The current requirements for dots in operator names are:

If an operator doesn’t begin with a dot, it can’t contain a dot elsewhere.
This proposal changes the rule to:

Dots may only appear in operators in runs of two or more.
Under the revised rule, ..< and ... are allowed, but <.< is not. We also reserve the .. operator, permitting the compiler to use .. for a "method cascade" syntax in the future, as supported by Dart <http://news.dartlang.org/2012/02/method-cascades-in-dart-posted-by-gilad.html>.

Motivations for incorporating the two-dot rule are:

It helps avoid future lexical complications arising from lone .s.

It's a conservative approach, erring towards overly restrictive. Dropping the rule in future (thereby allowing single dots) may be possible.

It doesn't require special cases for existing infix dot operators in the standard library, ... (closed range) and ..< (half-open range). It also leaves the door open for the standard library to add analogous half-open and fully-open range operators <.. and <..<.

If we fail to adopt this rule now, then future backward-compatibility requirements will preclude the introduction of some potentially useful language enhancements.

<https://github.com/jtbandes/swift-evolution/blob/unicode-id-op/proposals/NNNN-refining-identifier-and-operator-symbology.md#grammar-changes-1>Grammar changes

operator → operator-head operator-characters[opt]

operator-head → ! % & * + - / < = > ? ^ | ~
operator-head → operator-dot operator-dots
operator-character → operator-head
operator-characters → operator-character operator-character[opt]

operator-dot → .
operator-dots → operator-dot operator-dots[opt]
<https://github.com/jtbandes/swift-evolution/blob/unicode-id-op/proposals/NNNN-refining-identifier-and-operator-symbology.md#emoji>I think there's a mismatch between the English and grammar. For example, is +..+ allowed or not?

The English rule does allow +..+ because its dots appear in a run of two.

The grammar allows a run of one or more dots as an operator head, but never allows dots as characters appearing in the middle of an operator, regardless of how many dots appear next to each other. The grammar wouldn't allow +..+ because the dots don't come at the beginning.

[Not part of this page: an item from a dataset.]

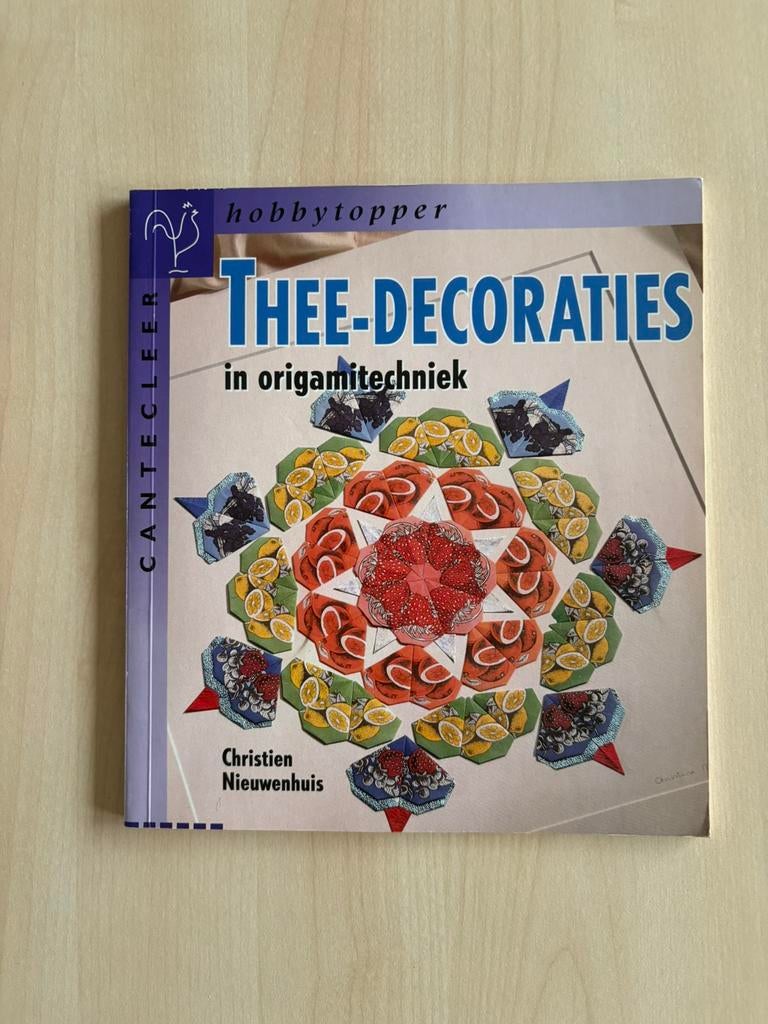 Thee-decoraties in origamitechniek - C. Nieuwenhuis, Boeken, Ophalen of Verzenden, Zo goed als nieuw, C. Nieuwenhuis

Here's an alternate version of the grammar that matches the "two or more" rule. Because we no longer distinguish between which characters are allowed as the first character of an operator vs a character inside, there's no longer a need for a separate operator-head.

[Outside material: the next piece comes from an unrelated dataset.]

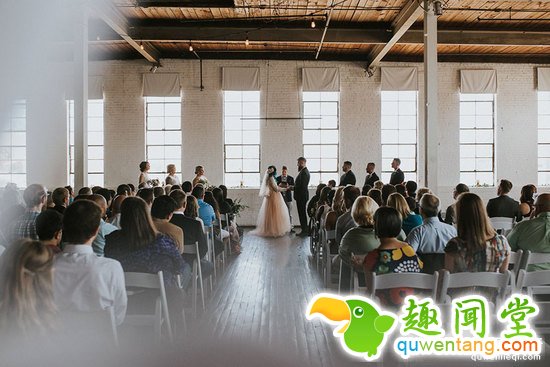 瘫痪新娘婚礼现场突然站起与新郎共舞,惊呆众人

operator --> operator-character operator-OPT

operator-character --> ! % & * + - / < = > ? ^ | ~
operator-character --> operator-dots

operator-dots --> .. operator-additional-dots-OPT
operator-additional-dots --> . operator-additional-dots-OPT


(Alex Blewitt) #8

I support this in principle, having suggested similar things in the past. I would suggest, however, that to simplify the discussion and the proposal itself, that 'reserving operators at this time' and 'appease specific example that Chris Lattner proposed just so that it isn't outright denied' are probably not appropriate within this document. It would be better to have a sound basis accepted, then propose specific variations on top of it at a later stage (such as 'Allow dogcow as an identifier').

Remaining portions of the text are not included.